● **Web page caption snippets**

---

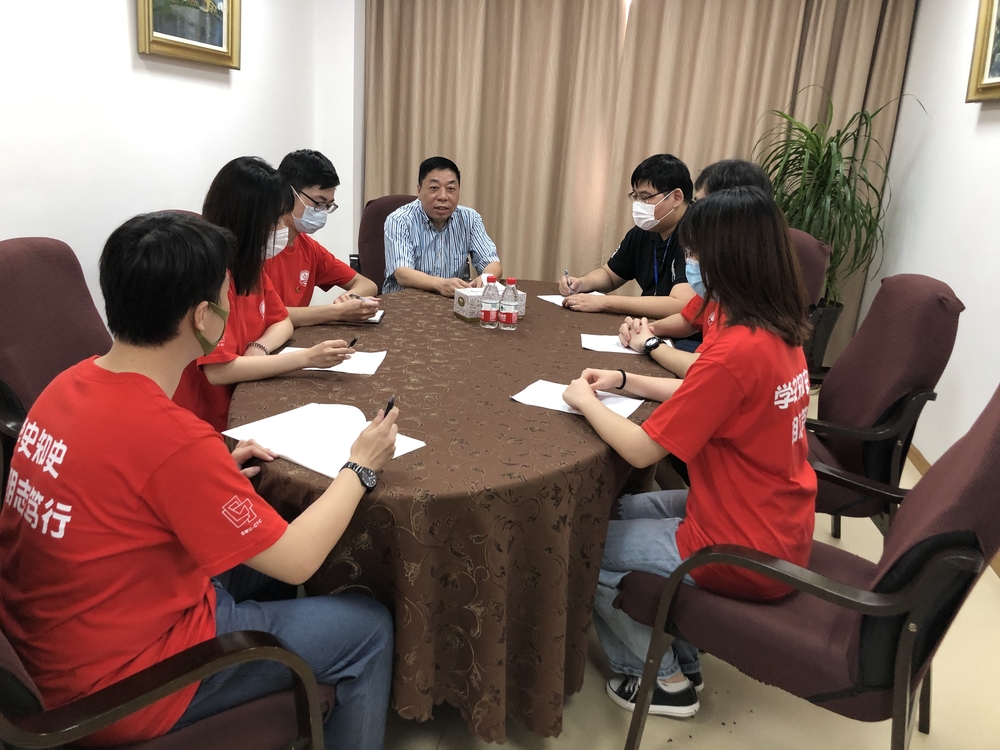 采访中国航海学会副秘书长顾维国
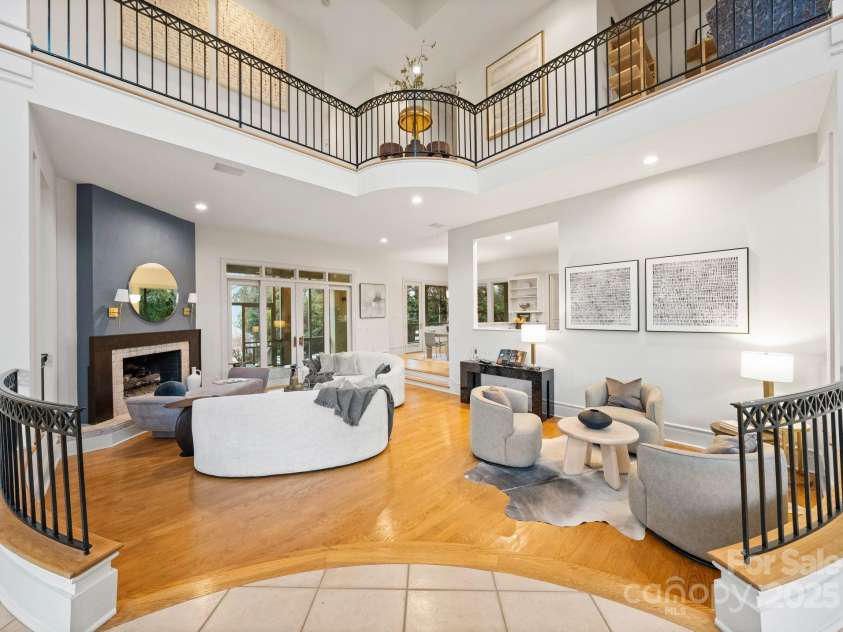 8813 Covey Rise Court, Charlotte, NC 28226.  MLS# CAR4264626, YatesRealty ID 21857. 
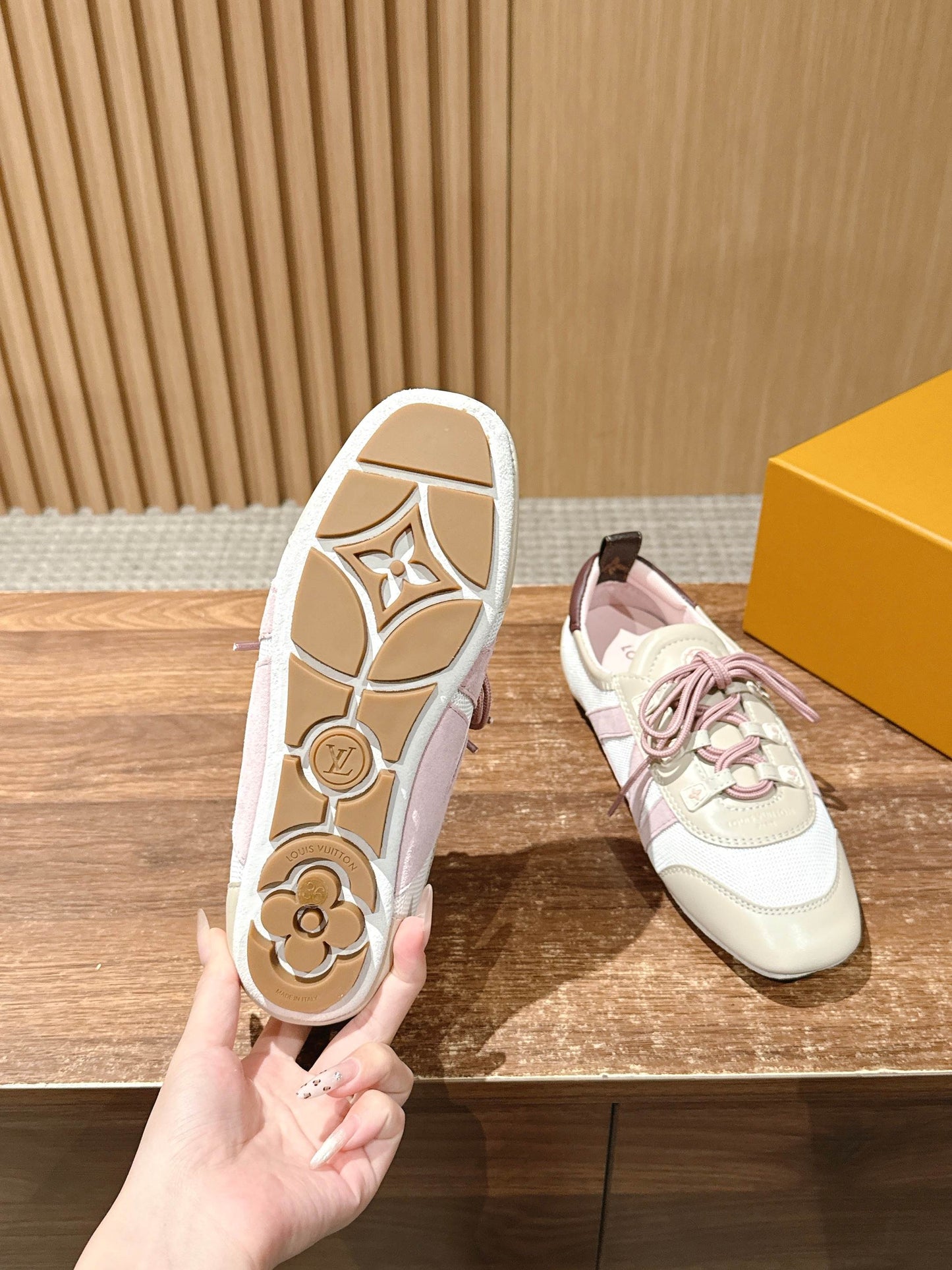 路L家-𝐒𝐧𝐞𝐚𝐤𝐞𝐫𝐢𝐧𝐚 驢牌運動鞋 粉色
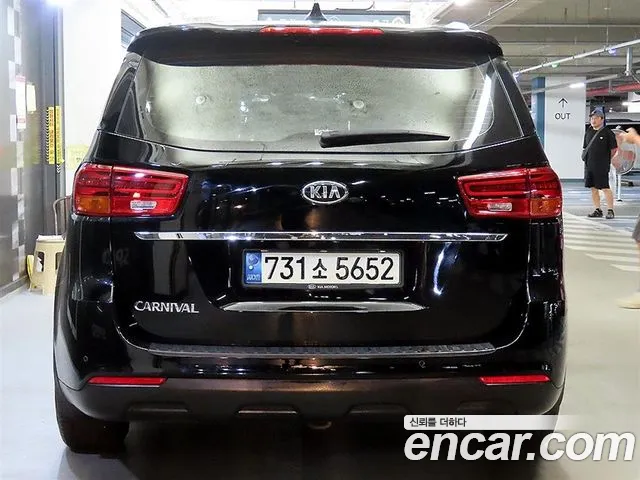 Kia Carnival 2018 thumb 5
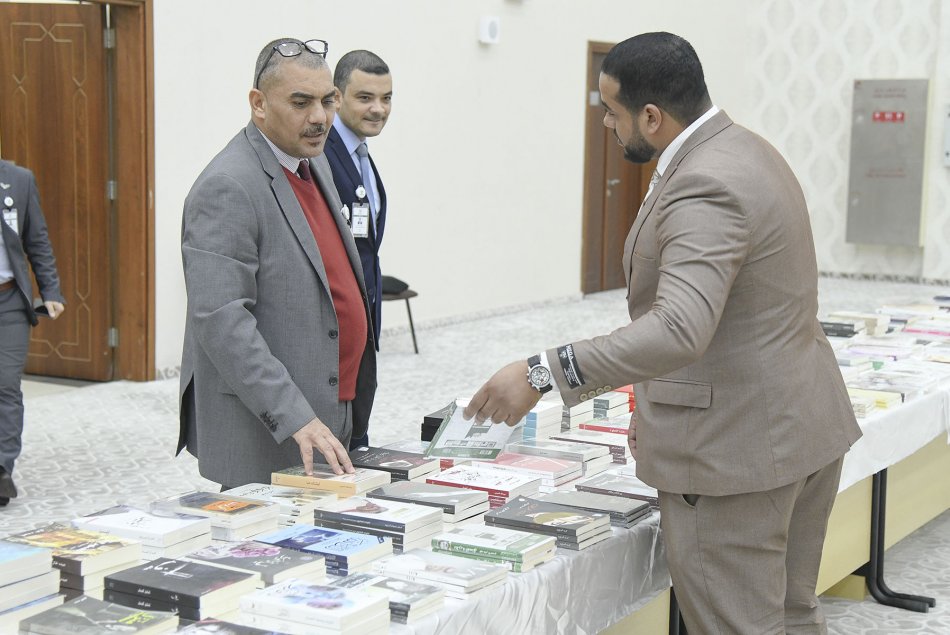 معرض جامعة العين للكتاب 2020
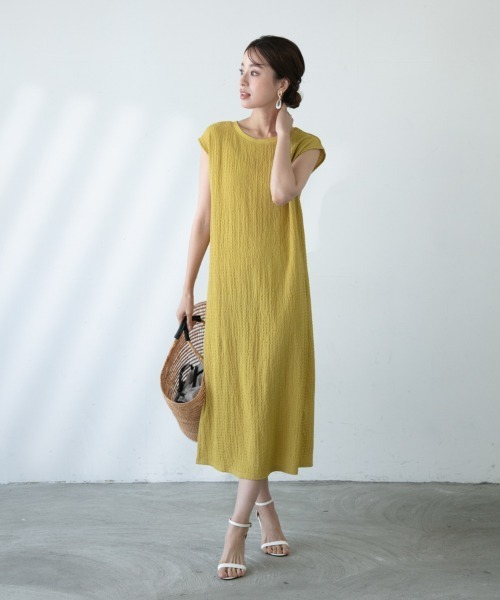 M.deux（エムドゥ）の「〔シャーリングカットワンピース〕（ワンピース・レディース・グレイッシュベージュ/イエロー/ブラック・MEDIUM）」の3枚目の写真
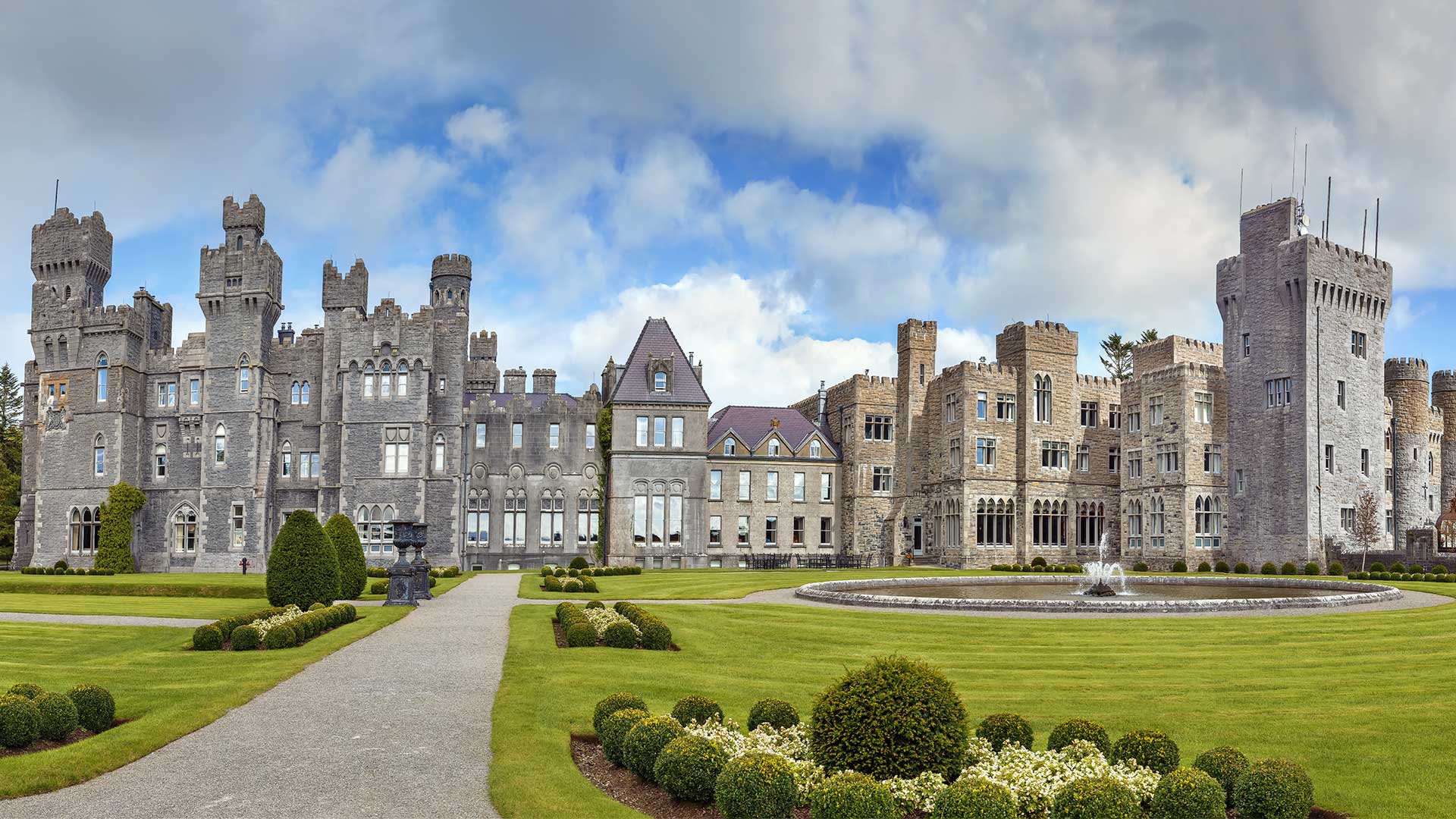 5 εμβληματικά ξενοδοχεία-κάστρα για παραμυθένιες διακοπές στην Ευρώπη-2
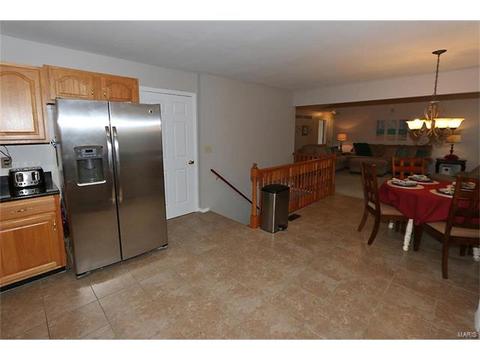 152 Keystone Crossing Dr, O'fallon, MO 63368 photo 6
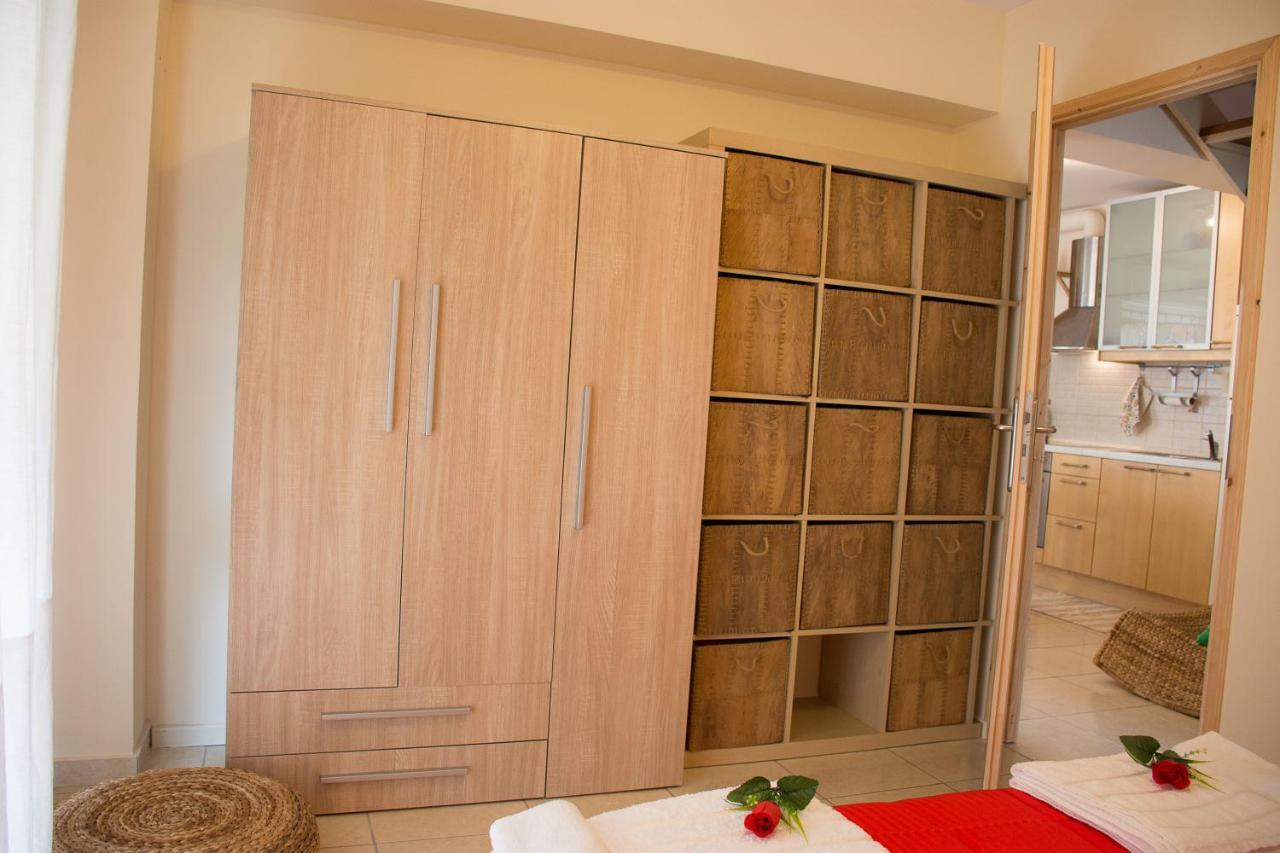 Cozy Maisonette Камена Вурла Екстериор снимка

---

● **WHAT IS BEING ASKED**
"8813 Covey Rise" marks the first line to copy, and "5 εμβληματικά ξενοδοχεία-κάστρα" marks the last. Repeat that stretch above exactly, with no pictures.

● **TASK ANSWER**
 8813 Covey Rise Court, Charlotte, NC 28226.  MLS# CAR4264626, YatesRealty ID 21857. 
 路L家-𝐒𝐧𝐞𝐚𝐤𝐞𝐫𝐢𝐧𝐚 驢牌運動鞋 粉色
 Kia Carnival 2018 thumb 5
 معرض جامعة العين للكتاب 2020
 M.deux（エムドゥ）の「〔シャーリングカットワンピース〕（ワンピース・レディース・グレイッシュベージュ/イエロー/ブラック・MEDIUM）」の3枚目の写真
 5 εμβληματικά ξενοδοχεία-κάστρα για παραμυθένιες διακοπές στην Ευρώπη-2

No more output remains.